For Tehran, jailing Americans has never been never motivated by the prospect of a payoff. Rather, the center of gravity within Iran’s ruling elite remains convinced that there is an American-led conspiracy of regime change, facilitated by dual nationals such as those who were arrested.
Finally, it is essential to understand the broad context of Iranian behavior. The history of the Islamic Republic has only rarely recorded cases in which the leadership of this state serviced Iran’s economic interests as its foremost priority.
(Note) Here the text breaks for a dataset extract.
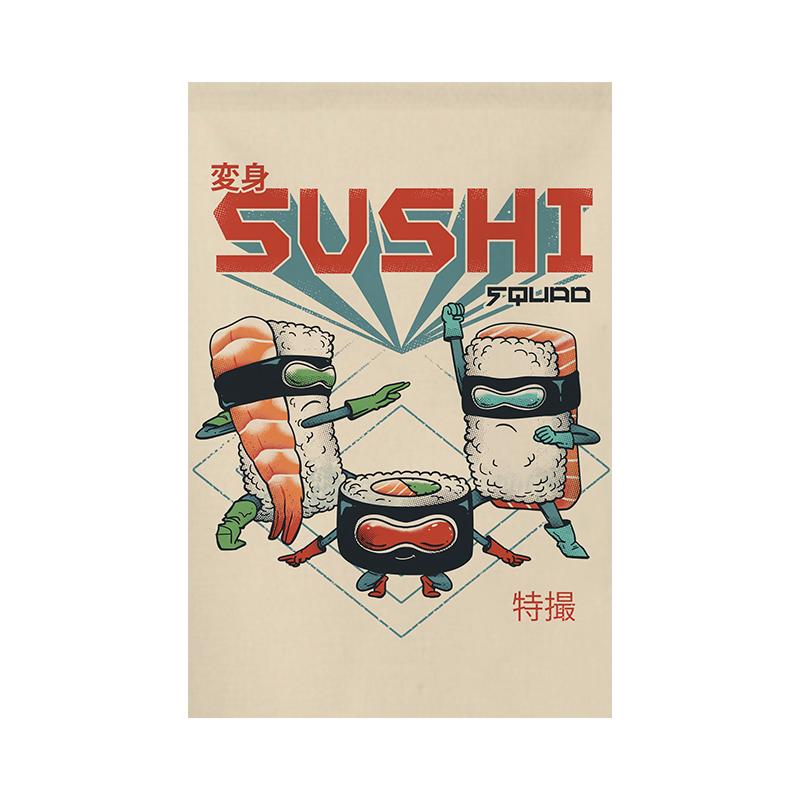 Japanese-style Short Half Curtain Ramen Kitchen Door Partition Sushi Restaurant Decor Curtain No-Drill Kitchen Window Screen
The notion that the January 2016 settlement will provoke a new wave of harassment or detention fails to appreciate how routinely Tehran has acted against its own economic betterment, or how modest the recent settlement is within the overall financial flows and assets available to the Islamic Republic.

And this presumption fails to account for the relative durability of these patterns of behavior in Iran. The arrest of innocents and the routine violation of human rights in Iran are a function of this ruling system. Despite the sophistication of its society, the vibrancy of its debates, the trappings of competitive and representative politics, at the heart of the Islamic Republic is a police state. If its agents want to grab you, they can and they will and they need no excuse. Multiple intelligence and security organizations control a prison system whose reaches are not known to even its parliament and whose abuses are infamous. No one, not the most innocuous Western tourist or the most well-connected Iranian power-broker, is immune to its reach.

That this police state can coexist with institutions that lend the system some measure of popular legitimacy is the Islamic Republic’s secret strength and an explanation for its endurance; that these instruments of surveillance and repression have withstood episodic confrontations by an educated and engaged citizenry remains the real tragedy of the revolution.